[Short descriptive text snippets]
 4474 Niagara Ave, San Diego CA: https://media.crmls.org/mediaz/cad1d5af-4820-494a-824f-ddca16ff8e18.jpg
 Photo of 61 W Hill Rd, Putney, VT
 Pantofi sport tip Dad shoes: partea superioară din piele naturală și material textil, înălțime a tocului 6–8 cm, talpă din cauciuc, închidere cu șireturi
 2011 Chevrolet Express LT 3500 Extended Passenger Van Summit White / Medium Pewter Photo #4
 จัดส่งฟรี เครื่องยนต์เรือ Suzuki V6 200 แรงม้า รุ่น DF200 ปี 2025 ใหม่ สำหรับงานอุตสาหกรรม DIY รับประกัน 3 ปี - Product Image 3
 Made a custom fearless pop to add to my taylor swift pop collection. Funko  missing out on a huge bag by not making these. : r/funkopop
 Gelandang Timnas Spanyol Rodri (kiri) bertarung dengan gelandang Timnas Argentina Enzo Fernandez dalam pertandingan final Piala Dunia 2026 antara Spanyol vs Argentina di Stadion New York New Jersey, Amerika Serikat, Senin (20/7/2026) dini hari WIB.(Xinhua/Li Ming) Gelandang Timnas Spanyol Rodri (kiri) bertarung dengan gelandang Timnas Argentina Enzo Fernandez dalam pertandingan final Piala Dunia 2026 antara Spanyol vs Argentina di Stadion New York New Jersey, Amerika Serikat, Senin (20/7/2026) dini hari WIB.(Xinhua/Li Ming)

## Exercise description:
Return only the lines between the one holding "จัดส่งฟรี เครื่องยนต์เรือ Suzuki" and the one holding "Made a custom", inclusive, exactly as they appear above.

## Response to the exercise:
 จัดส่งฟรี เครื่องยนต์เรือ Suzuki V6 200 แรงม้า รุ่น DF200 ปี 2025 ใหม่ สำหรับงานอุตสาหกรรม DIY รับประกัน 3 ปี - Product Image 3
 Made a custom fearless pop to add to my taylor swift pop collection. Funko  missing out on a huge bag by not making these. : r/funkopop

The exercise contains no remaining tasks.